By the using our service and signing this agreement the customer hereby agrees to the terms and conditions set forth below.

Terms and Conditions

PART A. WEB SERVICE

The following are the services which Apex Solutions provides through Hostcentric Company and are governed by the terms and conditions as set out by this Service Contract.

1. HOSTING - Apex Solutions will provide hosting facilities via Hostcentric Company for the hosting of personal, commercial websites, email accounts and domain names for a service charge.

a. Websites hosted with Apex Solutions gives us some ethical responsibility for the content of such pages.
b. Websites hosted with Apex Solutions must conform to the regulations as set out for the service at our acceptable use policy
c. Our Hosting Policies are also governed by international laws and are subject to liabilities set out by such laws.

2. DOMAIN REGISTRATION - Apex Solutions provides a Domain Name Registration Service through an affiliated company.

a. This is an additional and independent service and will be treated as separate services, and in turn billed separately.
b. The domain name is registered on behalf of the customers in the customer’s name and is owned by the customer.
c. The customer is responsible to Domain Name Registration Authorities for any charges incurred through the use of this service.
d. The customer is also responsible for the correctness of its information and is to inform Apex Solutions of any corrections needed to the information.
e. The Domain Name and its information unless otherwise specified by the customer is managed by Apex Solutions on the customer’s behalf. Any changes to the domain name and its management/ information will be done via formal notice from the customer to Apex Solutions.

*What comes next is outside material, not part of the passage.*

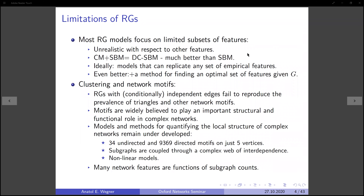One important area where random graphs are important is the study of the interplay between topological features and their effect on dynamical processes on graphs. More lately, random graph models have also been used as generative models for inferring network structures. I'm referring to the stochastic block model and its degree-corrected variants, which have led to various advances in community detection.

3. SEARCH ENGINE REGISTRATION - Apex Solutions will provides a Search Engine Application Services through our affiliated Search Engine Registration Service.

a. This is an additional and independent service and will be treated as separate service, and in turn billed separately.
b. The service will be applied for on behalf of the customer and as such is liable to fees and conditions of this service.
c. Apex Solutions does not take responsibility for nor honours, warranty/ guarantees the service acquired as result of failure on the affiliates behalf to provide effectively gain from its service.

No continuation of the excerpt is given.